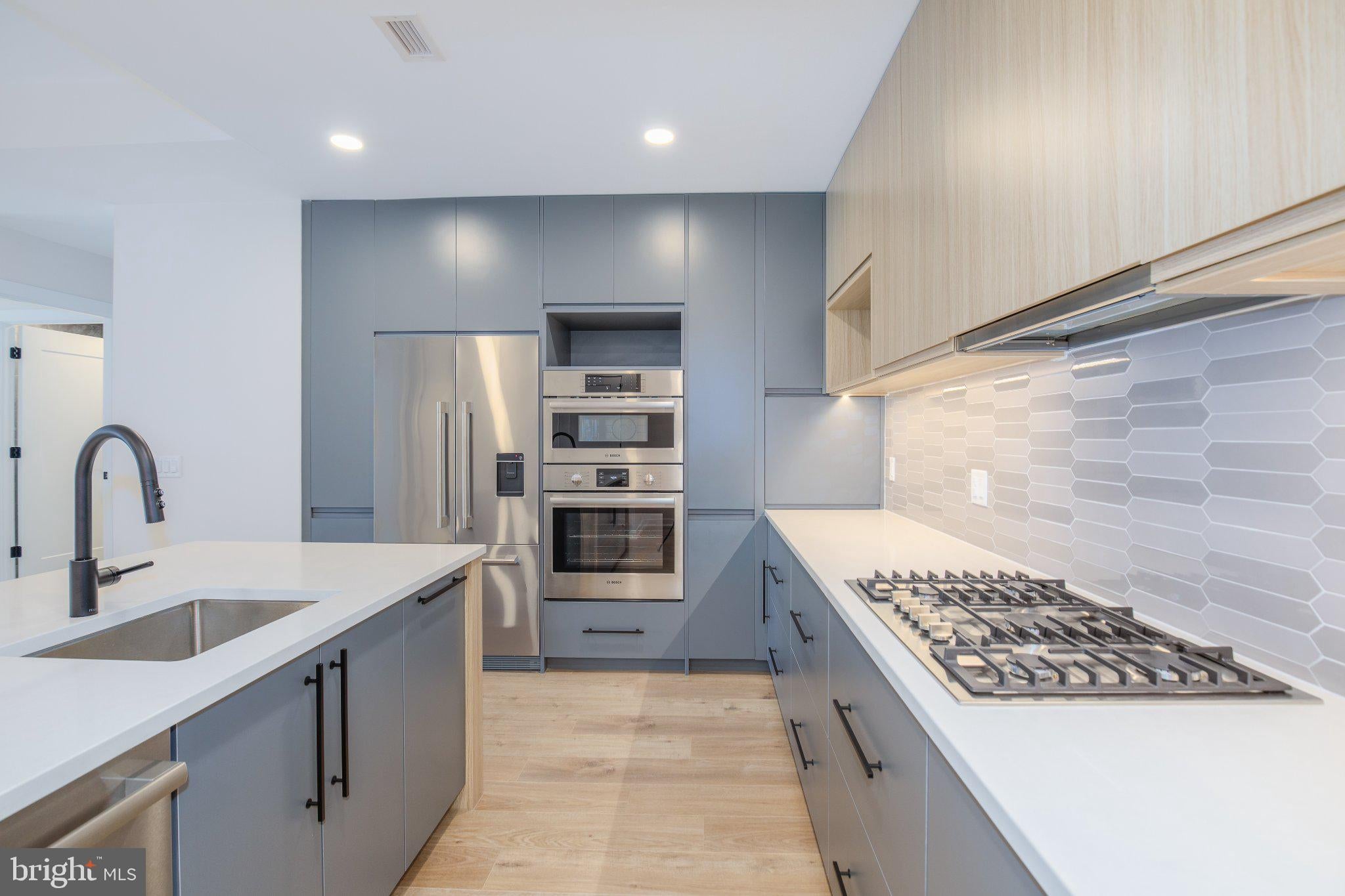255 W. FALLS STATION BOULEVARD 503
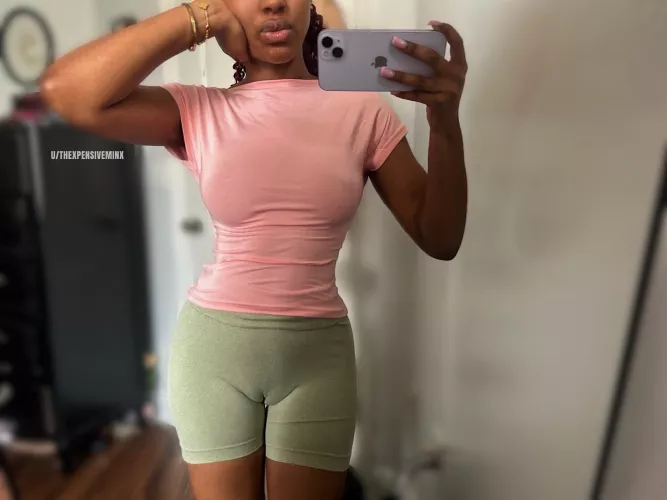 cameltoe in my yoga shorts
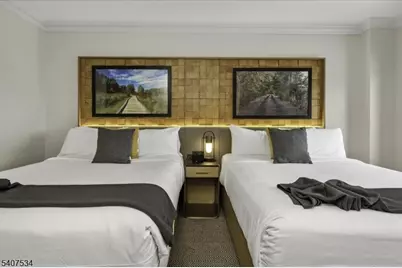 3 Wild Turkey Way 411-413 #411-, Hardyston Township, NJ 07419 - Photo 21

■ DIRECTIONS FOR THIS TASK ■
Without altering anything, output all the lines above but none of the images.

■ TASK RESULT ■
255 W. FALLS STATION BOULEVARD 503
 cameltoe in my yoga shorts
 3 Wild Turkey Way 411-413 #411-, Hardyston Township, NJ 07419 - Photo 21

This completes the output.